# Butera's Royal Vintage Sweet Cavendish



## Mad Hatter (Apr 8, 2007)

Got this one in a cavandish sampler from pipesandcigars a couple weeks ago. "A unique blend of bright red and orange Virginias..... toasted black Green River whole leaf......Topped with a soft fragrant essence". On opening the can and giving it the smell test I'm pretty unimpressed. Although it somehow smells like the holiday season, it doesn't really make me think "good tobacco", but rather something more like "what the hell did they dump on this stuff to keep it from smelling like tobacco?" Undaunted I grab a bit of the red, orange and black and pack it into my bowl. Its a real pain in the ass to get lit and it rises up quite a bit when I put the flame to it but after ten minutes or so I've finally got it going well enough to lay my lighter down for a few minutes. My first impression is "Good God! What is that?!" Reminds me of something......... oh yeah! Know how when you're on a date and you lean over to nibble on her ear and all you can smell is the half a can of hairspray she put on before you picked her up? Well, that's what it tastes like. I puff it down a bit more, fighting the whole time so as not to scorch my thumb on the lighter that seems to be glued to my hand and suddenly there is a different taste, something really dark and nasty in the back of my throat..... and it seems to get worse with every passing minute. Finally, after an eternity my bowl is cashed..... no, its only halfway cashed, but I'm not going to relight it. Bad enough I smoked half a bowl of this stuff right before bedtime. I'm sure not going to finish the other half. Anyway, as things progressed the flavor didn't change much, still tasted like a combination of hairspray and charcoal, but it did burn cool and it has just enough nicotene to put you in one of those thoughtful moods. But feeling good or not, my mouth still tastes like crap and in the future I'll stay away from tobaccos that are "toasted black...." and "Topped with a soft fragrant essence", especially if they say Butera.

:hn


----------



## EvanS (Dec 29, 2006)

so you didn't like it?

I'm gonna take your word for it!! Thanks for the warning.


----------



## Mad Hatter (Apr 8, 2007)

EvanS said:


> so you didn't like it?
> 
> I'm gonna take your word for it!! Thanks for the warning.

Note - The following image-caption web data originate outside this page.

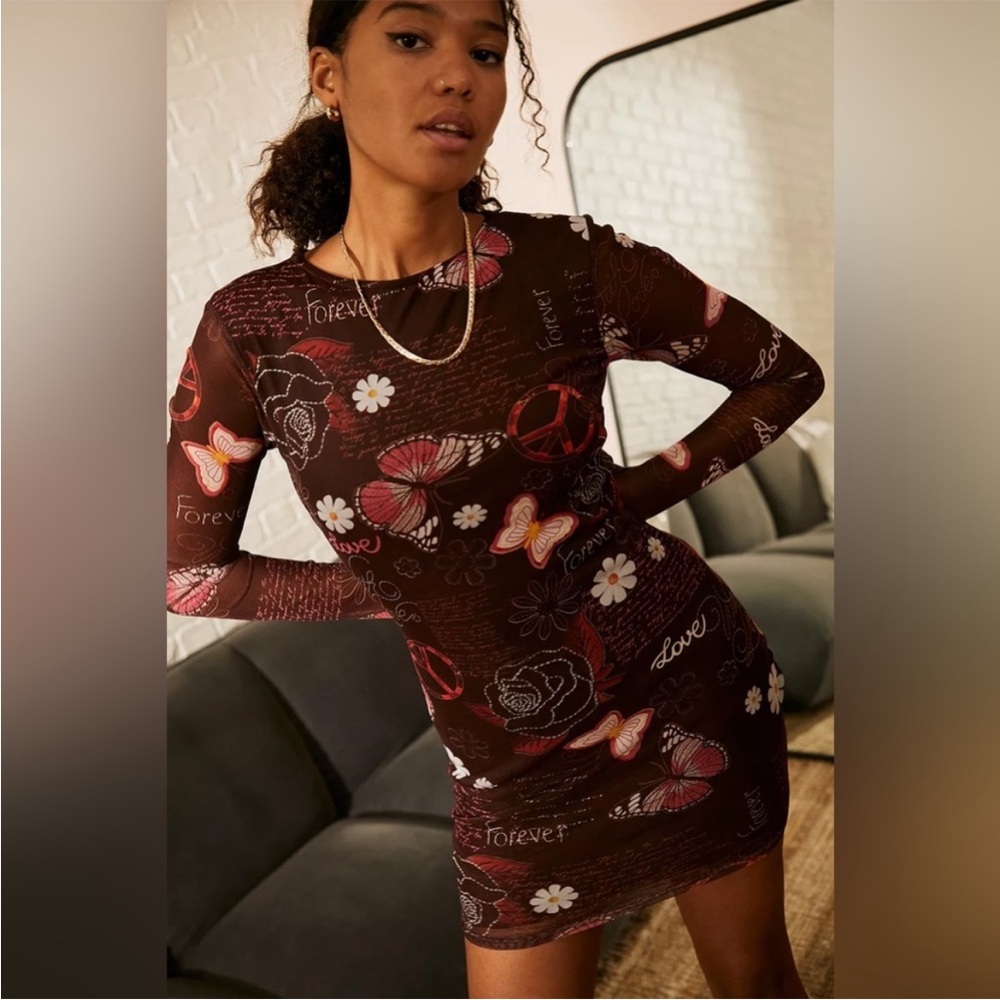 Urban Outfitters Long Sleeve Austin Doodle Print Mesh Dress Mini Slip Y2K XL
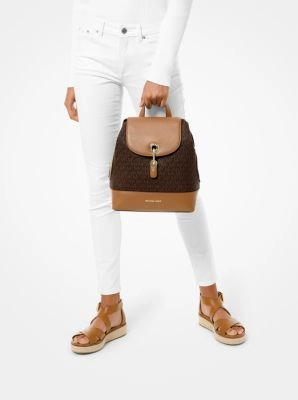 Raven Medium Logo and Pebbled Leather Backpack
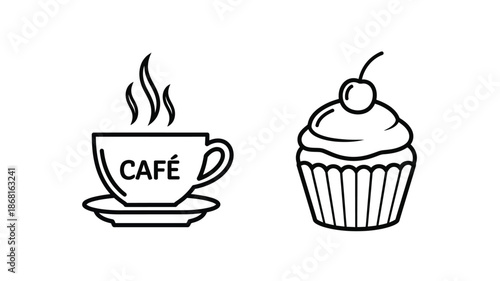 A steaming cup of coffee and a cupcake a delightful treat silhouette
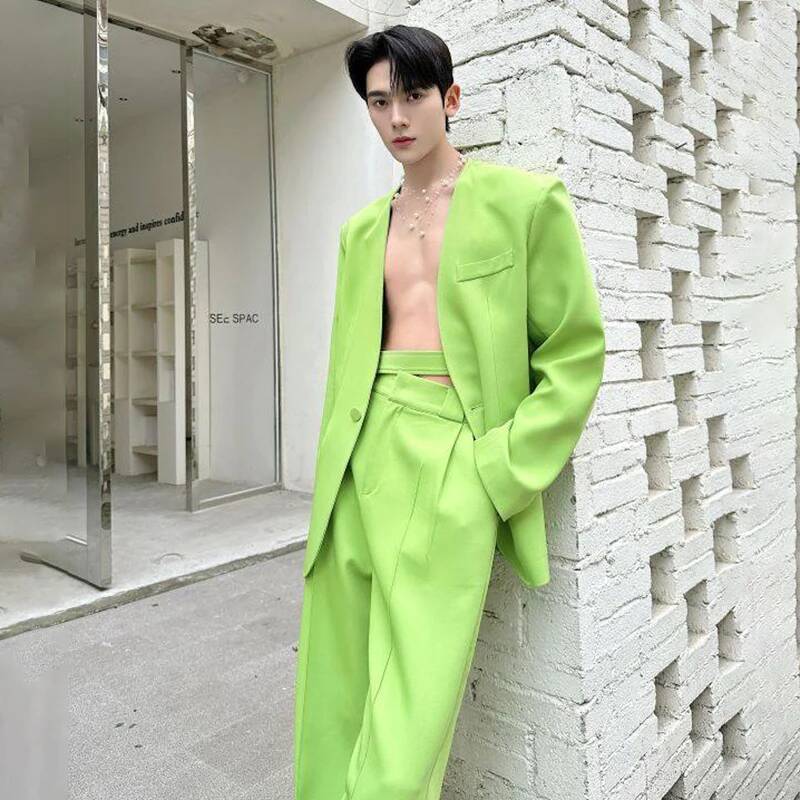 LUZHEN 2026 春の新無地ツーピースセットメンズファ - Men'S Fashion Color のレビューと価格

I thought I was pretty subtle about it.


----------



## kjd2121 (Jul 13, 2006)

So it's more like Buttera Fumunda Cake?? - p


----------



## JRC (Feb 13, 2007)

kjd2121 said:


> So it's more like Buttera Fumunda Cake?? - p


Zing! That seems like a pretty good endorsment to run the other way when I see this blend. Thanks for the warning!

Jeremiah


----------